#### [Problem statement]
Find the lines in the records that carry the word "Blouse". Copy each one.

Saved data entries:

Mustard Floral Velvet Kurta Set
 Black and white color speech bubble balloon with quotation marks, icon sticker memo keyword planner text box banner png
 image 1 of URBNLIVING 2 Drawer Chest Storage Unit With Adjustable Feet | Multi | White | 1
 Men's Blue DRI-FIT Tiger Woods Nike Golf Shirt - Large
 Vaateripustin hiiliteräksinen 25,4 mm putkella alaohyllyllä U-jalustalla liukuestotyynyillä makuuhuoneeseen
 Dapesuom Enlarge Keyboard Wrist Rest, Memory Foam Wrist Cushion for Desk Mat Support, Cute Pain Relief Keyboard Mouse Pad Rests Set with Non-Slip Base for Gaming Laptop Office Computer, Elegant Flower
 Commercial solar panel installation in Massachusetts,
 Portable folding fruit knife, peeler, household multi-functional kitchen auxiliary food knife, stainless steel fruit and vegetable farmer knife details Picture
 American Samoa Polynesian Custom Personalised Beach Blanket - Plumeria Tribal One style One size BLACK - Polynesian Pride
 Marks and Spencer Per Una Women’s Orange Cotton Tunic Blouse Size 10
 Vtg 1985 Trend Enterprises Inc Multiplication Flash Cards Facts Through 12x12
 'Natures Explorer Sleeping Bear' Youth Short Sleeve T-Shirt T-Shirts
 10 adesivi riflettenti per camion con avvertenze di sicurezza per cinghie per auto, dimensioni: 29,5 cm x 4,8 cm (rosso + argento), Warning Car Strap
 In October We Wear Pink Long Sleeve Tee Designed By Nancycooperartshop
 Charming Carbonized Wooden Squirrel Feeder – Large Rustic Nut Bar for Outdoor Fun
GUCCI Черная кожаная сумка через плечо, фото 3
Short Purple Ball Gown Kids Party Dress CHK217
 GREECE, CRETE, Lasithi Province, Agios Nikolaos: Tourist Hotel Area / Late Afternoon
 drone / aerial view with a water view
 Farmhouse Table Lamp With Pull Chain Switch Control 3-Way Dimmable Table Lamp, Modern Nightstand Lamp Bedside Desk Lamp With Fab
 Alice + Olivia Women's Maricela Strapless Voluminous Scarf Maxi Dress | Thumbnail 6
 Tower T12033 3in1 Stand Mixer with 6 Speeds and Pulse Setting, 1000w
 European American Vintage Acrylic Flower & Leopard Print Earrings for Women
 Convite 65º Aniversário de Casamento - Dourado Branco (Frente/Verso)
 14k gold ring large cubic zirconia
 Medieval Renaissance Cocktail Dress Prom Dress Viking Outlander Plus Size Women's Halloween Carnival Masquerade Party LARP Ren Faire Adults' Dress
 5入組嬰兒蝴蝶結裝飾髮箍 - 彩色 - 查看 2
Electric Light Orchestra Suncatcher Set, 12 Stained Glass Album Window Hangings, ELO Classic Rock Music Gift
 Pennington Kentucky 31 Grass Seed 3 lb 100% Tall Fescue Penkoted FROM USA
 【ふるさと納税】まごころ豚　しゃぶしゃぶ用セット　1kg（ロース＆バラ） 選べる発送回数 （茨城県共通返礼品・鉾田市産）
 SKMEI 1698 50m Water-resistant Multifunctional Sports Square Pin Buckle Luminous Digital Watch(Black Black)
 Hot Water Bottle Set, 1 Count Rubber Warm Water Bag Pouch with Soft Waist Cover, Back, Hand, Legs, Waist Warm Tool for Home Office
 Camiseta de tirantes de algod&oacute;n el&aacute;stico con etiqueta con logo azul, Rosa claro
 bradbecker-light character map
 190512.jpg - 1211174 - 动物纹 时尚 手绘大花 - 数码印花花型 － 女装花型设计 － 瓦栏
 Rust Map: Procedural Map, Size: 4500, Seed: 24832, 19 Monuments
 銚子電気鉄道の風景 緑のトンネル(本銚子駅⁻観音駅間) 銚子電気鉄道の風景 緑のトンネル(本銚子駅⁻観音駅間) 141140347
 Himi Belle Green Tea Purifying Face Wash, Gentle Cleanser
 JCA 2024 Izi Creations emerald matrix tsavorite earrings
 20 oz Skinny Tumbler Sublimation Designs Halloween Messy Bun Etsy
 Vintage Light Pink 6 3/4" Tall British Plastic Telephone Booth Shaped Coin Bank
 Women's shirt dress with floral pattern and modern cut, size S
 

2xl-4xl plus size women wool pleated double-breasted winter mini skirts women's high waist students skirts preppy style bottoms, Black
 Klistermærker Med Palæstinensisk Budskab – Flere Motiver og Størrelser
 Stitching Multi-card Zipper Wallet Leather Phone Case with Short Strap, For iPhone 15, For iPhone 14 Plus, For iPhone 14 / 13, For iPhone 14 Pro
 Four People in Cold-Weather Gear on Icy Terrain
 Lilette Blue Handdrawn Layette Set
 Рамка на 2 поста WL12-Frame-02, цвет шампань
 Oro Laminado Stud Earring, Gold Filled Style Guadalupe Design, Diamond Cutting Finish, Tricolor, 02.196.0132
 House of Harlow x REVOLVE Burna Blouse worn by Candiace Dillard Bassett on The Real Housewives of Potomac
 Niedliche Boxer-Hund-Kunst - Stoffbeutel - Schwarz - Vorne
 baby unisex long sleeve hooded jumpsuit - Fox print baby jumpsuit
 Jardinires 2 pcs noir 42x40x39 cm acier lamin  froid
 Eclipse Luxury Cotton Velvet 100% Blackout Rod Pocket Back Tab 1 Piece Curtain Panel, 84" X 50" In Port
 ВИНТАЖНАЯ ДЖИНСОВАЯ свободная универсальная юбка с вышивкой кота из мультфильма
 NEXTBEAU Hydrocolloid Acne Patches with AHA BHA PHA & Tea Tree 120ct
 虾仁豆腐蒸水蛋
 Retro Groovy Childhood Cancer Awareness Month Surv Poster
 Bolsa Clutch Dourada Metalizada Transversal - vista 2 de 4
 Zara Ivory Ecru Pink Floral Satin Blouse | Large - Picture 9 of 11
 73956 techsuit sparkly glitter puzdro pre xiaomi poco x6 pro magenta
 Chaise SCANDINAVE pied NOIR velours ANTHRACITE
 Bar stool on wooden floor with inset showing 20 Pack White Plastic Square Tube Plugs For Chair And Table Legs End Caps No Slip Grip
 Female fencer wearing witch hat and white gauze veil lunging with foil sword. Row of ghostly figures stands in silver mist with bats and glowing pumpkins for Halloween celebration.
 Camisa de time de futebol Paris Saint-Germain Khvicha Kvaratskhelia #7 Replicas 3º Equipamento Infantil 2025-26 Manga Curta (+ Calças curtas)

#### [Response to the exercise]
 Marks and Spencer Per Una Women’s Orange Cotton Tunic Blouse Size 10
 House of Harlow x REVOLVE Burna Blouse worn by Candiace Dillard Bassett on The Real Housewives of Potomac
 Zara Ivory Ecru Pink Floral Satin Blouse | Large - Picture 9 of 11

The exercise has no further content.